Golf courses

Donald Trump’s struggling Scottish golf courses have asked for more than $4 million in UK government aid during the pandemic

Trump at Turnberry Golf Course.AP Photo/Scott Hepell

  • Trump’s Scottish golf resorts have claimed millions in pandemic support from the UK government.

  • Trump Turnberry and Trump International Scotland recorded multi-million losses in 2020.

  • Company accounts signed by Eric Trump cite Brexit as a contributing factor to the stations’ difficulties.

of former President Donald Trump Scottish golf courses demanded more than $4 million in emergency funds in the UK as struggling businesses laid off hundreds of staff amid the COVID-19 pandemic.

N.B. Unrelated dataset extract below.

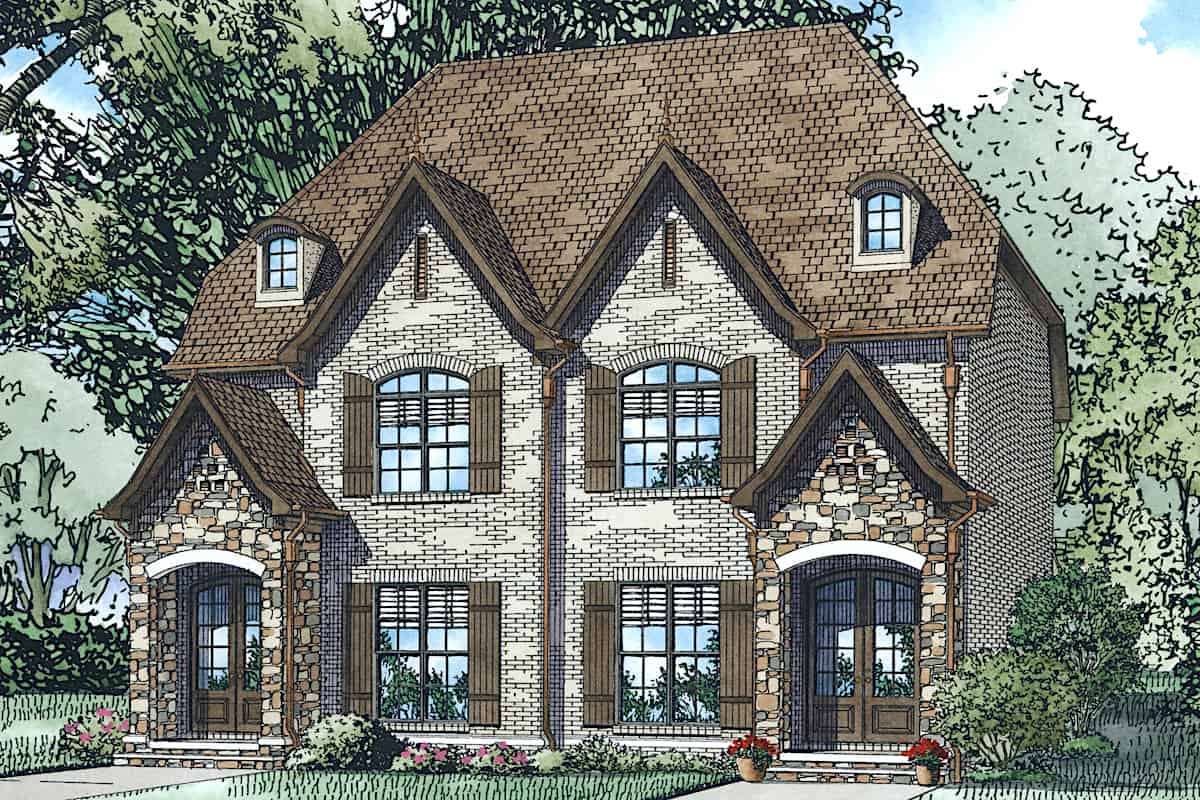 Front elevation of European home (ThePlanCollection: House Plan #153-2104)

Newly released company accounts for the two international stations revealed that the Trump Turnberry in Ayrshire and the Trump International Scotland near Aberdeenshire cut 273 jobs in 2020, while also claiming $3.7 million in furlough aid.

Trump ceded control of the two resorts to his sons Donald Trump Jr. and Eric Trump shortly before his inauguration as president in 2017, but has retained a financial interest in the businesses, both of which are company-owned holding company Golf Recreation Scotland Ltd.

Additional government data reviewed by The Guardian shows the two stations have made further financial claims this year due to the UK government’s emergency job retention program persisted.

the BBC was the first to report the resorts’ additional claims for 2021, which are worth between $698,000 and $1.7 million, adding to a total of between $4.4 and $5.5 million in aid two-year leave. The new figures were not included in the most recent Trump company accounts, according to The Guardian.

Trump Turnberry posted a loss of over $4 million in 2020 while the resort town of Aberdeenshire posted a loss of $1.7 million. Filings for both stations cited the government lockdown, which forced businesses to be closed for several months in 2020 and 2021, as reasons for significant staff losses.

But accounts filed by Golf Recreation Scotland Ltd. and signed by its manager, Eric Trump, also cited Brexit as a contributing factor to the stations’ failing finances, according to The Independent.

“Brexit has also impacted our business as supply chains have been affected by the availability of drivers and staff, reducing deliveries and the availability of certain product ranges,” the accounts say, according to The Independent.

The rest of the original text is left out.